## Task requirements
Would you return the lines that run from the start of the data below to the line with "One Gustavian Style", both included, exactly as written and without pictures?

(Web page caption snippets)
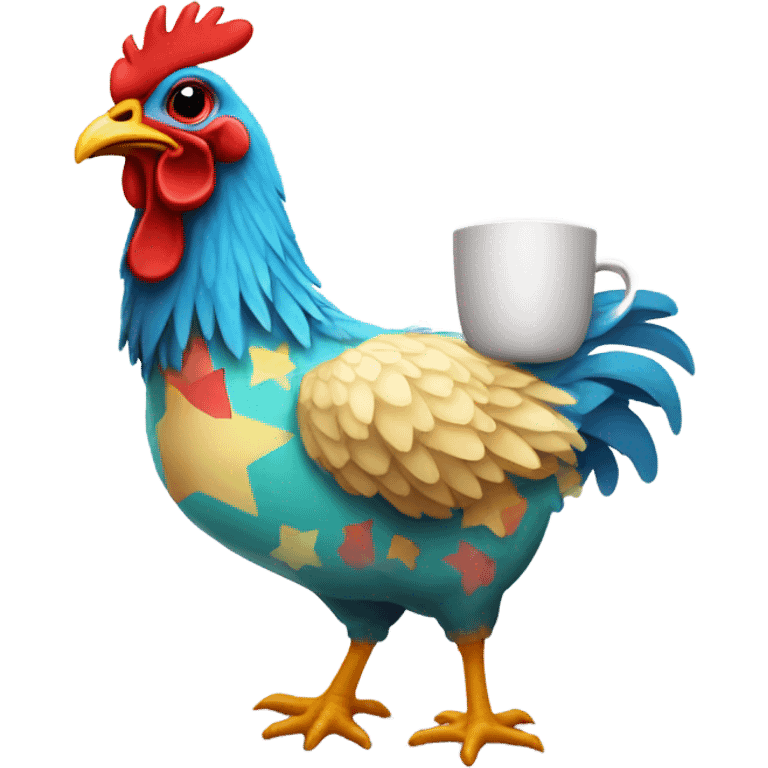 Chicken wearing pajamas, drinking coffee emoji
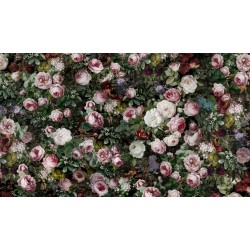 Lambris PVC décoratif aspect ancien, salle de bains vintage mur floral - Pivoines, roses et jasmins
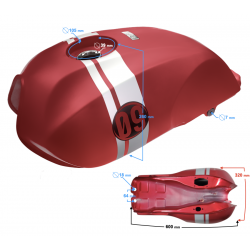 Fuel tank maroon version 2 Cafe Racer 50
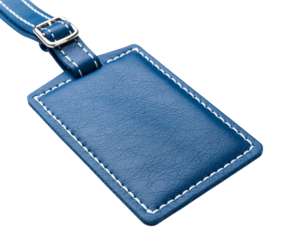 Blue Leather Luggage Tag with White Stitching and Buckle on Black Background label travel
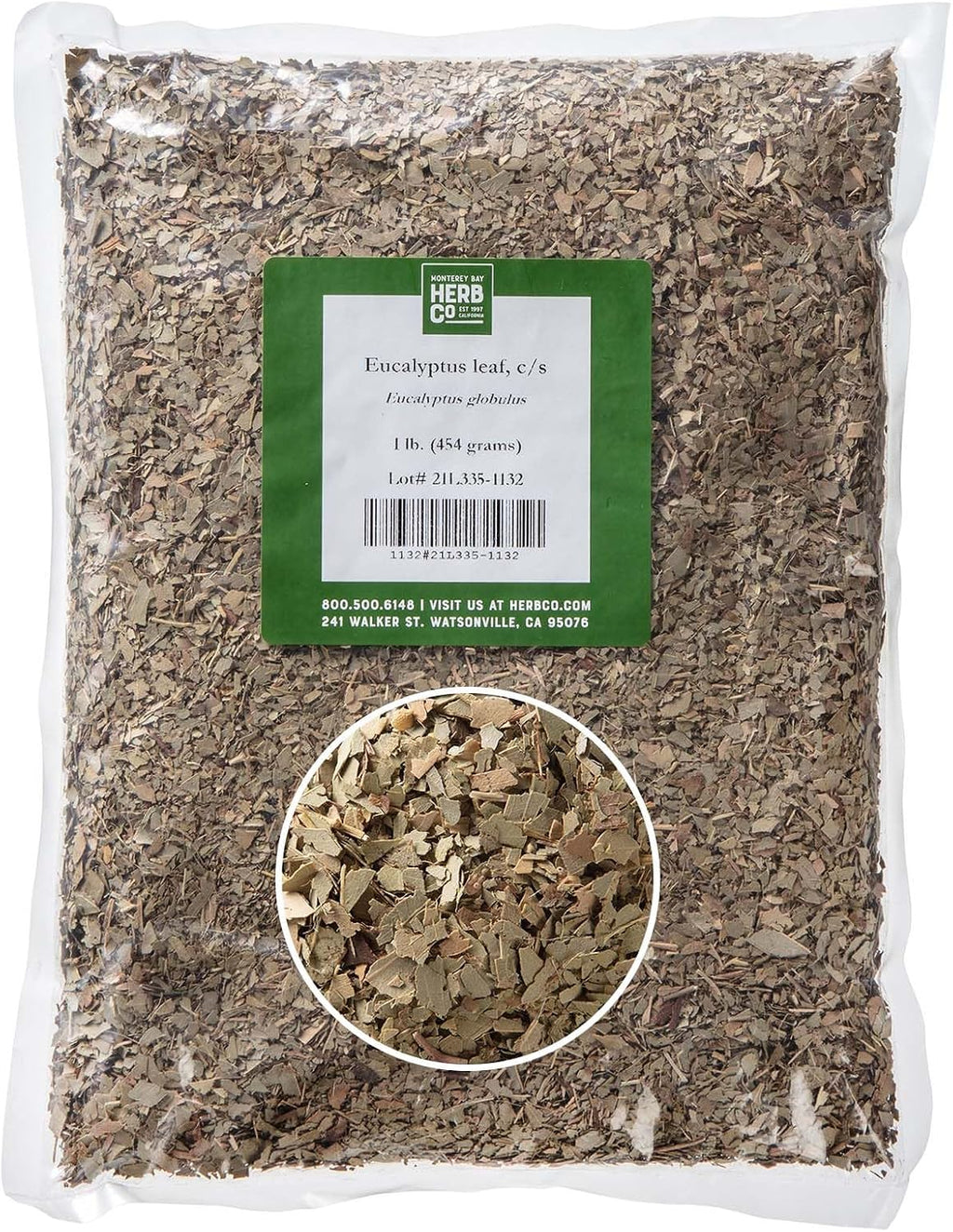 Eucalyptus Leaf Cut & Sifted, by Herb Co, Eucalyptus Globulus, Blue Gum, Australian Fever Tree, from Morocco, Kosher, for Infused Oils, Liniments, Inhalers, Skin Creams, Sachets & Potpourri, 1 lb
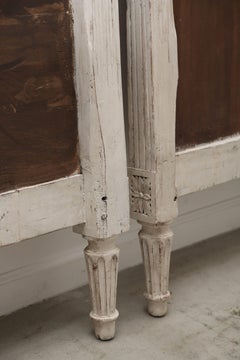 One Gustavian Style Antique Swedish Carved Painted Headboards, 19th Century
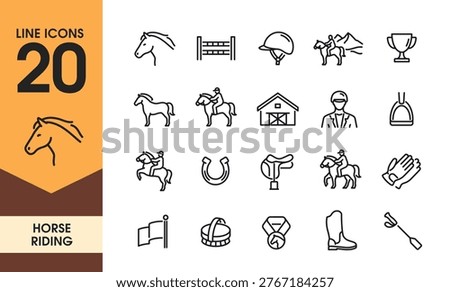 Horse Riding line icon set. Simple symbols with horse, rider, horseshoe, saddle, medal and racing. Editable stroke. Outline hand drawn vector collection isolated on background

## Exercise response
 Chicken wearing pajamas, drinking coffee emoji
 Lambris PVC décoratif aspect ancien, salle de bains vintage mur floral - Pivoines, roses et jasmins
 Fuel tank maroon version 2 Cafe Racer 50
 Blue Leather Luggage Tag with White Stitching and Buckle on Black Background label travel
 Eucalyptus Leaf Cut & Sifted, by Herb Co, Eucalyptus Globulus, Blue Gum, Australian Fever Tree, from Morocco, Kosher, for Infused Oils, Liniments, Inhalers, Skin Creams, Sachets & Potpourri, 1 lb
 One Gustavian Style Antique Swedish Carved Painted Headboards, 19th Century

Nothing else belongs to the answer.